Data under study —
───

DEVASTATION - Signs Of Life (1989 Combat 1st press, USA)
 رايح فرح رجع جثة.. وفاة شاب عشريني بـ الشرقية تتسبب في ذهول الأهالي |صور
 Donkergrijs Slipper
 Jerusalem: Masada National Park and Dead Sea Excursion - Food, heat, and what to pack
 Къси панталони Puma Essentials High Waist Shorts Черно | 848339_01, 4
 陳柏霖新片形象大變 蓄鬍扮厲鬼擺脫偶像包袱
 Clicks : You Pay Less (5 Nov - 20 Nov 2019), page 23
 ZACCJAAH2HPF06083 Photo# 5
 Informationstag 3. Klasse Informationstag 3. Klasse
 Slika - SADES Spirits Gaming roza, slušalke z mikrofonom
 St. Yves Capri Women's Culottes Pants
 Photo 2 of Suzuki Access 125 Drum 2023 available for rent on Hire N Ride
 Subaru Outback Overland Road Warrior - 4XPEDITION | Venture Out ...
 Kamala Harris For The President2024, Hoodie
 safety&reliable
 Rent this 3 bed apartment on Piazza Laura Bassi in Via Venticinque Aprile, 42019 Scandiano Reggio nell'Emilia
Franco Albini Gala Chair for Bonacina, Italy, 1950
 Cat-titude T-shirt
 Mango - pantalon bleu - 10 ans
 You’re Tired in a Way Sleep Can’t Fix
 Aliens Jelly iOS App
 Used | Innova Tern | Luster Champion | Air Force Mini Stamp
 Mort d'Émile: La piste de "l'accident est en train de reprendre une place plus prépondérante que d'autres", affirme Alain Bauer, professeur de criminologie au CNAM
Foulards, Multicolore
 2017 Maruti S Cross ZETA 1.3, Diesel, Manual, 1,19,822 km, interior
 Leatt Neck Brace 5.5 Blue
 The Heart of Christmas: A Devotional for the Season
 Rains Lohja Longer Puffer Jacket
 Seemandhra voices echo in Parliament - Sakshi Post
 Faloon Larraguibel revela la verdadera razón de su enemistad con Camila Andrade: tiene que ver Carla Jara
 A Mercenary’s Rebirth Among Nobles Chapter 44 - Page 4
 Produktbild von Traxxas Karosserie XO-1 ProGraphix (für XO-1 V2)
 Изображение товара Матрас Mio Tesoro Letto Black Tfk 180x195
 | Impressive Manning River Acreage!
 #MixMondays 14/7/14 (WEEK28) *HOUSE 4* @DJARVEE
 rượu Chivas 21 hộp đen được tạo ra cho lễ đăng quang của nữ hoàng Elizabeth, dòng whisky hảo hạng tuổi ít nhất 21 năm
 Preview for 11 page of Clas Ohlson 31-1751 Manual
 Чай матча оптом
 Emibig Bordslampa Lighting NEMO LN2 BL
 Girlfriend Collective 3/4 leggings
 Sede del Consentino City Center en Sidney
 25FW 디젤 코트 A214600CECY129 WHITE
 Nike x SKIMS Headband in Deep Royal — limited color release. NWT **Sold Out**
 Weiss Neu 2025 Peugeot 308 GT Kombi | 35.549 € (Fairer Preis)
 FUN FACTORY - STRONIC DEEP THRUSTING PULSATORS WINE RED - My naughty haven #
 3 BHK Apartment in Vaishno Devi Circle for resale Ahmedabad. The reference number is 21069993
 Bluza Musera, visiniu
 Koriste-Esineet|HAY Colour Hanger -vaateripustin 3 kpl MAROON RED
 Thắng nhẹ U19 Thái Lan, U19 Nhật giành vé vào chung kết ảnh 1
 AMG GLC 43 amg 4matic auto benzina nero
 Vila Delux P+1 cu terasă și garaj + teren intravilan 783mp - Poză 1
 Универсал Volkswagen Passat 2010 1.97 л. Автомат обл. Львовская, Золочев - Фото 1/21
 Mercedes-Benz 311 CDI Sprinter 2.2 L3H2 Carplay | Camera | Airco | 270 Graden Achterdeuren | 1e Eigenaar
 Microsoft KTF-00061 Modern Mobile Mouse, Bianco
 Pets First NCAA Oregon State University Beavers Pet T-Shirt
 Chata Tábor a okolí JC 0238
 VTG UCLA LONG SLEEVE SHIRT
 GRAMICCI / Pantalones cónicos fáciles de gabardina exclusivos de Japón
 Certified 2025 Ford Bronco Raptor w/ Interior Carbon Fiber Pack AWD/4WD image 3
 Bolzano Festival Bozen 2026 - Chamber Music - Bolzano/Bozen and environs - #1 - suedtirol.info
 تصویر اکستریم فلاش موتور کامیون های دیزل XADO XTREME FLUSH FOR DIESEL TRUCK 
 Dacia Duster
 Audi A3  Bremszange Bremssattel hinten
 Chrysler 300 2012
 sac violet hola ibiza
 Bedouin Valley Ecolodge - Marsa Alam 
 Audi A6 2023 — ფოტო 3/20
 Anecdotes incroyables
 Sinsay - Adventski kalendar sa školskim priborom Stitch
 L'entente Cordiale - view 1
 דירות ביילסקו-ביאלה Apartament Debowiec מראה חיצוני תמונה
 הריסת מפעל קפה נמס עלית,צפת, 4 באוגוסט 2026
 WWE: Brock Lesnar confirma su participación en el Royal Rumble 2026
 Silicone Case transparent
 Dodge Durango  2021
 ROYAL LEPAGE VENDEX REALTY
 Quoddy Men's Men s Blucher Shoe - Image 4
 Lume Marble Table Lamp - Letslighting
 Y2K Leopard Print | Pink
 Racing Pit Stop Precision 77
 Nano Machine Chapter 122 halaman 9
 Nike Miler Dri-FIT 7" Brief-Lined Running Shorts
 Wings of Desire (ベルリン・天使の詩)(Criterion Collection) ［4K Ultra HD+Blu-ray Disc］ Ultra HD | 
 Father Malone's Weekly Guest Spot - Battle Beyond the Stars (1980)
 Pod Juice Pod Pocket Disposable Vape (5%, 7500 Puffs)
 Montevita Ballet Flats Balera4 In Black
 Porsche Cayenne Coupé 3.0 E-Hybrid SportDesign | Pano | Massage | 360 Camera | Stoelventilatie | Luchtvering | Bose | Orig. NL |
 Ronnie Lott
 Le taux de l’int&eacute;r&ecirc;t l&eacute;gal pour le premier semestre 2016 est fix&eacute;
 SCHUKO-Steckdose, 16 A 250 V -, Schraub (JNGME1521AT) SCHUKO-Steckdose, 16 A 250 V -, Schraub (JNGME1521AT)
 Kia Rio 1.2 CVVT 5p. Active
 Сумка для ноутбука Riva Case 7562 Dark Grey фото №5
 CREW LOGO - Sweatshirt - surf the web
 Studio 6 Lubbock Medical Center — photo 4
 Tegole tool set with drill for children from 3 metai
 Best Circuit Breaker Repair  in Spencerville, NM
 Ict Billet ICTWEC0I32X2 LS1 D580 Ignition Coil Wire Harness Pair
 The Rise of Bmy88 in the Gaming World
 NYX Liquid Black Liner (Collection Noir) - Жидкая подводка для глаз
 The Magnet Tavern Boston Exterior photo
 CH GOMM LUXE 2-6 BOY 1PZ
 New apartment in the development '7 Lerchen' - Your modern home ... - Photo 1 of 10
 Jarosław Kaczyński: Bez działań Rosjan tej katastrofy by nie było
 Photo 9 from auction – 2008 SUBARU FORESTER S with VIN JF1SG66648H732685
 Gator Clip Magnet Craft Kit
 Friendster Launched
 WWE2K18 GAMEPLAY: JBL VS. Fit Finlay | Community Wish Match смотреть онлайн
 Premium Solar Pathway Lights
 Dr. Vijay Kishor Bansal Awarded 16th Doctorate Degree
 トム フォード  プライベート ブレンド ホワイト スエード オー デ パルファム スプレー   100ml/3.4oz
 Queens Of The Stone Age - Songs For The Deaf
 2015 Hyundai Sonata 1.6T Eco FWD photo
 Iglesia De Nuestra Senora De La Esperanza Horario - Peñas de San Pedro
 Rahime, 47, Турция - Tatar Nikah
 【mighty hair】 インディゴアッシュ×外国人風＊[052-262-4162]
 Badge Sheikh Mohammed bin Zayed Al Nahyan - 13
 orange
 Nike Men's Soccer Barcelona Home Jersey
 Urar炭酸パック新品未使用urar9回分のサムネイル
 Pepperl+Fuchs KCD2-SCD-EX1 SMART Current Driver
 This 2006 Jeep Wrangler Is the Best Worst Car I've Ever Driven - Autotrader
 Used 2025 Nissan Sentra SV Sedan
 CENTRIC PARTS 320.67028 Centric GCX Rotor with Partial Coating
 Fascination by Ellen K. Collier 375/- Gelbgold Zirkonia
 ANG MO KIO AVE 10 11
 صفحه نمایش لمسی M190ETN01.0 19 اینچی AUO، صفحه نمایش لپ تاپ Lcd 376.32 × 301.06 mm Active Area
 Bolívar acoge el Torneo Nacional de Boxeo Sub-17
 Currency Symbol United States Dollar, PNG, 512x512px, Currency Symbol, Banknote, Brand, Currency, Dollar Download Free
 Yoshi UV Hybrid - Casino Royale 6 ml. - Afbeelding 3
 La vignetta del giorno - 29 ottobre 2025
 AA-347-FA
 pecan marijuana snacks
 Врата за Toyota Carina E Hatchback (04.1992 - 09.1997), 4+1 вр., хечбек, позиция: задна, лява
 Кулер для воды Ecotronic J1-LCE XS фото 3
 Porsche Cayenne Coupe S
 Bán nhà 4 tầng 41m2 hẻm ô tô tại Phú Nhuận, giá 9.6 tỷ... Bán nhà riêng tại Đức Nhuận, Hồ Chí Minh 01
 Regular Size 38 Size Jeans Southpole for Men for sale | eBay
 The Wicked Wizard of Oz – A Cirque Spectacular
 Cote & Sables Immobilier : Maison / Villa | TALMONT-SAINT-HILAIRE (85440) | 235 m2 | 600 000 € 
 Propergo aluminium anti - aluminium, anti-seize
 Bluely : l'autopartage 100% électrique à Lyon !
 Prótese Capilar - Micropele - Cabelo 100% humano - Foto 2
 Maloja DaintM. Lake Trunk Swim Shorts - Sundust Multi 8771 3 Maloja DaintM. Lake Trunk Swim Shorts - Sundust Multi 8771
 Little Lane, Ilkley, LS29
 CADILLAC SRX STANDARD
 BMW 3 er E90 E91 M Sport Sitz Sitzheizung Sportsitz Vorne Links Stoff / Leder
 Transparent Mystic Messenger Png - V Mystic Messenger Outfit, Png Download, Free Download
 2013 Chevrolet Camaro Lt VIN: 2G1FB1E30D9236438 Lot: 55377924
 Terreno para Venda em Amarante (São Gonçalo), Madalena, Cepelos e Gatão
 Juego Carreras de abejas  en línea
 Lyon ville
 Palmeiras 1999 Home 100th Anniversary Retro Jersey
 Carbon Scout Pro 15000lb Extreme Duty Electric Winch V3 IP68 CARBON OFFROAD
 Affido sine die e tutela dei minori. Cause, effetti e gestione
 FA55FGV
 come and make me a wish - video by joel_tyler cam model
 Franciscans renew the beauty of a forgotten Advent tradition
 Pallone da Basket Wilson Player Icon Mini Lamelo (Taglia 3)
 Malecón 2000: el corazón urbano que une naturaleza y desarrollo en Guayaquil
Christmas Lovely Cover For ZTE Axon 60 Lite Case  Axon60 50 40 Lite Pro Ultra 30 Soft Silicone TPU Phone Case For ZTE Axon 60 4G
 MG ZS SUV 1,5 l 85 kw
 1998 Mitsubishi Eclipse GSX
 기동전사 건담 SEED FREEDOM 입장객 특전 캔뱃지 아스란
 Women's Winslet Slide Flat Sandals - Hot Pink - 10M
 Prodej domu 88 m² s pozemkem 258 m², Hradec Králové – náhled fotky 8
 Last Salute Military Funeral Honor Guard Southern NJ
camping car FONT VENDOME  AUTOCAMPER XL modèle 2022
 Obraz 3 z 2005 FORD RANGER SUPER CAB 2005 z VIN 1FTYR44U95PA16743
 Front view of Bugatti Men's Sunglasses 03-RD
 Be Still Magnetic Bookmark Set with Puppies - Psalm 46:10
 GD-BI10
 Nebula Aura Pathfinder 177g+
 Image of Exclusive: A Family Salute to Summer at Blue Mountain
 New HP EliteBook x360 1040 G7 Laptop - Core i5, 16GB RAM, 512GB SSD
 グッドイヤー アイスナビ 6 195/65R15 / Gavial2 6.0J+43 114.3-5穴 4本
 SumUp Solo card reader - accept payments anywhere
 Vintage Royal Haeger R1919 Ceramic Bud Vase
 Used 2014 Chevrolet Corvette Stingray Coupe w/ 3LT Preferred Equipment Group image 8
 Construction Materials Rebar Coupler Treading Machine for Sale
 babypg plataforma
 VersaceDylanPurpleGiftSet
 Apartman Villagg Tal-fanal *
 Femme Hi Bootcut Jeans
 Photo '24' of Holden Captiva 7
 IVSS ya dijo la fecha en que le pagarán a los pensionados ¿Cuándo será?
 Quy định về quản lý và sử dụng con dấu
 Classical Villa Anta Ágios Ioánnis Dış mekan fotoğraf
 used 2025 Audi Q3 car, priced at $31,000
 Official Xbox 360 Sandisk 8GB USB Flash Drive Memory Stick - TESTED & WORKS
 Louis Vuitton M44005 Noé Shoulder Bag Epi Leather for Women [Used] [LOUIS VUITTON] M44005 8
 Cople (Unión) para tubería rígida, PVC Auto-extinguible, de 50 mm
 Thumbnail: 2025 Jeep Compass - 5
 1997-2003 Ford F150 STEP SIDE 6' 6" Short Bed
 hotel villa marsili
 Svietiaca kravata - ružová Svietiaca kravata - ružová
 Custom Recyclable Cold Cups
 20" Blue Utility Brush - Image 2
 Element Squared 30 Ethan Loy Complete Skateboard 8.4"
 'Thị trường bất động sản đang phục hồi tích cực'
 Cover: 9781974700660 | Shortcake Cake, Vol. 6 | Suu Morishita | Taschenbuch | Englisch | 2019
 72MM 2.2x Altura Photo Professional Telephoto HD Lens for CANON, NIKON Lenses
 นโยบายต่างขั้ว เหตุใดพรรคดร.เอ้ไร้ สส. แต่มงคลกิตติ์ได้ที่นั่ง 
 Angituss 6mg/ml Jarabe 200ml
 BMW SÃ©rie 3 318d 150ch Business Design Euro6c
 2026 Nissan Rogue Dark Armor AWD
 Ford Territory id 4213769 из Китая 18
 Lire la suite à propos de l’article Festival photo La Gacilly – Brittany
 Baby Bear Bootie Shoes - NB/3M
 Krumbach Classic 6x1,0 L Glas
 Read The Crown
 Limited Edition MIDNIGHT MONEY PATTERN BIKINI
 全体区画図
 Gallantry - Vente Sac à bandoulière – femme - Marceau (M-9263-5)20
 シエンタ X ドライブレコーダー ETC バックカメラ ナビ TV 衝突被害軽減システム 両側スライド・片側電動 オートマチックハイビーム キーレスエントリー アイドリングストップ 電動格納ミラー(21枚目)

───

The task —
Restate word for word the lines in the material above from the one with "Чай матча оптом" to the one with "Koriste-Esineet|HAY Colour Hanger"; both of those lines count, and nothing else does.

Result for this task —
 Чай матча оптом
 Emibig Bordslampa Lighting NEMO LN2 BL
 Girlfriend Collective 3/4 leggings
 Sede del Consentino City Center en Sidney
 25FW 디젤 코트 A214600CECY129 WHITE
 Nike x SKIMS Headband in Deep Royal — limited color release. NWT **Sold Out**
 Weiss Neu 2025 Peugeot 308 GT Kombi | 35.549 € (Fairer Preis)
 FUN FACTORY - STRONIC DEEP THRUSTING PULSATORS WINE RED - My naughty haven #
 3 BHK Apartment in Vaishno Devi Circle for resale Ahmedabad. The reference number is 21069993
 Bluza Musera, visiniu
 Koriste-Esineet|HAY Colour Hanger -vaateripustin 3 kpl MAROON RED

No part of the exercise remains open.